(Work to complete) Would you write out the lines below exactly, from the one containing "Hi White Leopard Tortoise Adult Female" to the very last, but without the pictures?

(Supplied data)
------------------------------------------------
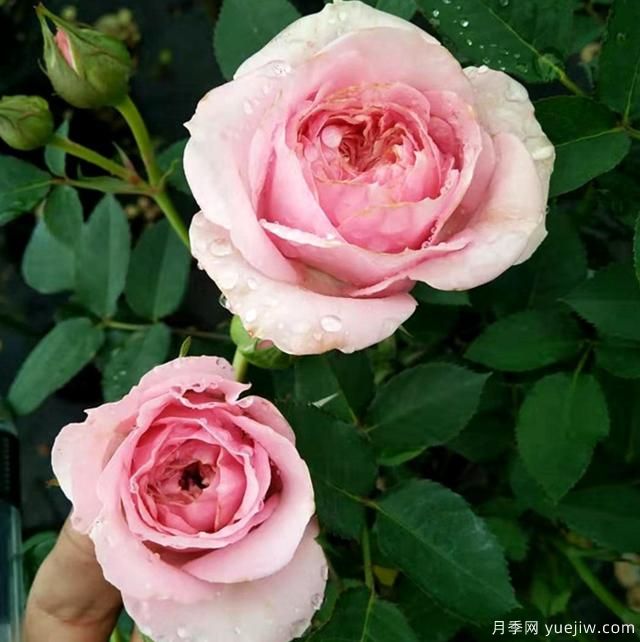 專屬12星座的月季花，你的星座是什么月季(圖8)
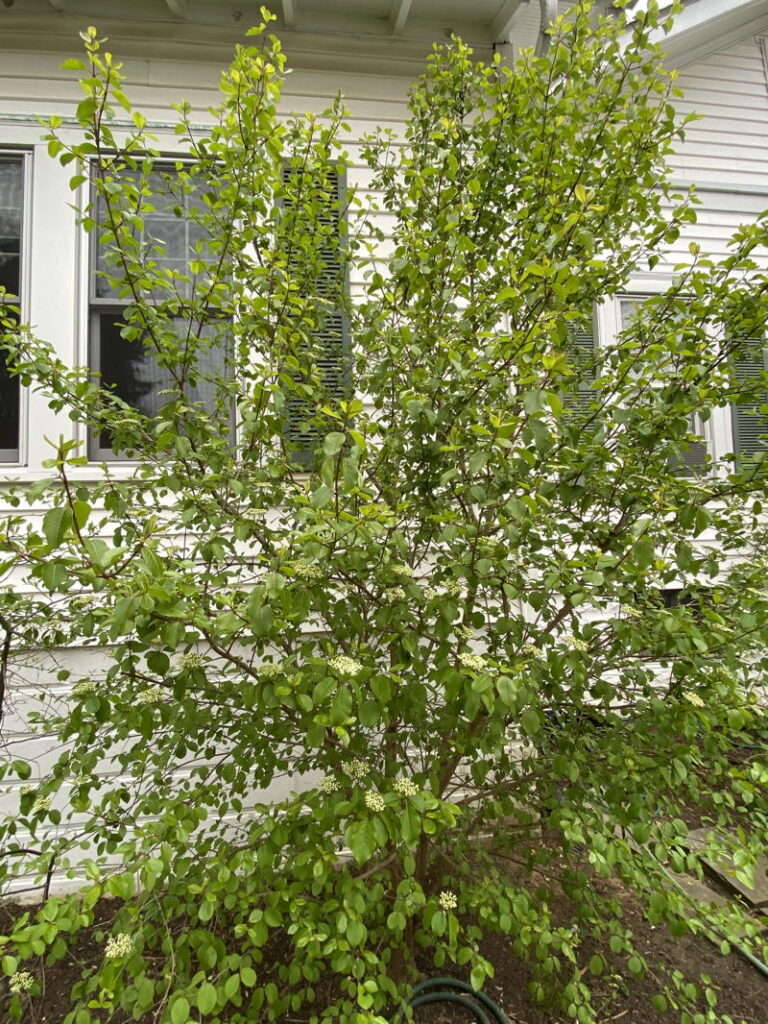 Black Haw can be allowed to grow as a large multi-stemmed shrub
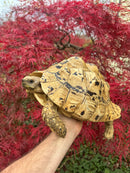 Hi White Leopard Tortoise Adult Female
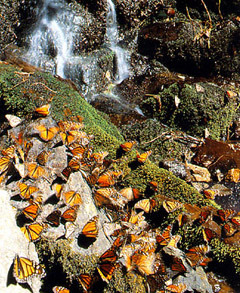 Monarch butterflies in a Michoacan sanctuary © Tony Burton, 1997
------------------------------------------------
(Written response)
 Hi White Leopard Tortoise Adult Female
 Monarch butterflies in a Michoacan sanctuary © Tony Burton, 1997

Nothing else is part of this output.